11) What do I do about crabgrass?

The first thing to do is make sure you actually have crabgrass. Many lawns in the Black Hills have either Brome or Quackgrass, a perennial grass that homeowners often mistake for crabgrass. Roundup is the only way to get rid of a perennial grass. Crabgrass is an annual weedy grass that germinates in the summer and dies with the first frost in the fall. The best prevention is a dense, healthy lawn. For lawns that have an abundance of crabgrass, a preventative application in the early spring will prevent about 85% of the crabgrass from appearing. Those few plants that do make it up can be hand pulled or treated later in the summer before they go to seed.

 

12) Why do I have mushrooms?

The presence of mushrooms means that there is some decaying organic matter present in the soil. Mushrooms are a result of organic matter (old tree roots, wood, etc) decomposing in the soil. Don’t worry, it won’t hurt your lawn and there is nothing that you can do about it. They also indicate that there is plenty of moisture in the soil. Usually mushrooms appear after rain fall. Once the soil dries out a little, give it about three to five days and the mushrooms will probably go away. The only way to eliminate the mushroom growth is to remove the organic matter and the surrounding soil. This is a very big task. Mushrooms are also a sign of life in the soil . . . and that is a good thing. Bear with them for a short time and they will disappear, simply mow them off. And, there is nothing to do to prevent them.

 

13) I have brown spots in my lawn. What causes them?

Diagnosing the proverbial “brown spot” in a lawn can drive even a seasoned professional crazy. There are just so many things that can cause the lawn to turn brown and die in a spot. One thing that you never want to do is apply a control material without knowing exactly what the problem is. If you apply the wrong material, you may end up causing more problems than you are trying to solve. So, where do you start? Have you been watering correctly? This is the most common cause. Lack of water and skips in the irrigation system will cause yellowing and spots. Plus, other problems can become worse if the lawn is not watered properly. Over watering can also yellow a lawn and kill trees and shrubs. What about mowing? If the lawn is mowed too short or not often enough, brown spots can often appear. Is it a problem from pets? Both dogs and cats can cause spots . . . even if you don’t own one of your own. If all of that has been taken care of we can start to look at disease and insects. While there are millions of insects in the world, only two or three of them will cause damage to the lawn. So, it is pretty easy to know what to look for. Diseases are a little harder to pick out, but again, there are only a relative few that routinely cause damage, so knowing the symptoms and signs can help to narrow down the cause. The bottom line is – there are too many different things that may cause a brown spot in the lawn. Take the time needed to properly diagnose the problem before jumping in to starting to control something. You’ll be glad you did.

 

14) Aeration – Who should get it done and how often?

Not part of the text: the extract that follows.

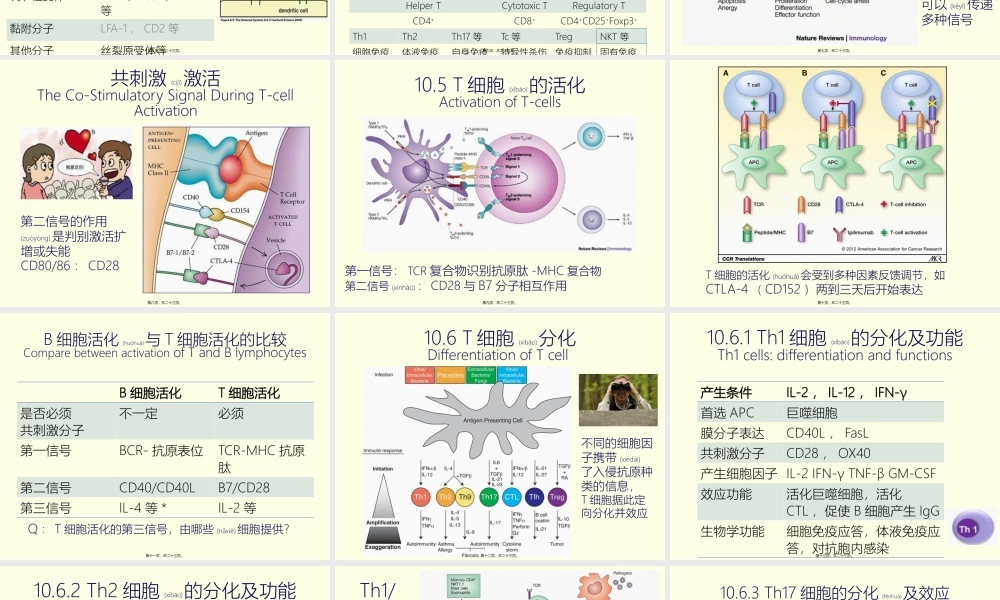 2022年医学专题—第十讲-T淋巴细胞与细胞因子(上).pptx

Every lawn can benefit from aeration. It is suggested that a lawn be aerated at least every other year, but preferably every year. Spring and fall are the ideal times to have your lawn aerated because there is typically more moisture in the soil. Fall is often mentioned as a “better” time only because of the high level of activity of the root system.

 

15) Will aerating my lawn control thatch?

Core aeration brings cores of soil up from below the lawn surface and we recommend that these cores be mowed back into the lawn. By allowing the cores to mix back into the lawn surface the soil adds back microbial agents which are needed to control thatch. This is not an immediate fix for a serious thatch problem, but is the best way to manage a thatch condition.

 

 

16) What can I do to help with pet spots in my lawn?

Along with excessively watering areas affected to help flush out the ammonia, sprinkle some garden lime on the area and water it in generously. The garden lime will help fade the pet spots quicker by lowering the acid levels in the soil. This along with regular fertilizing will help the affected areas recover faster.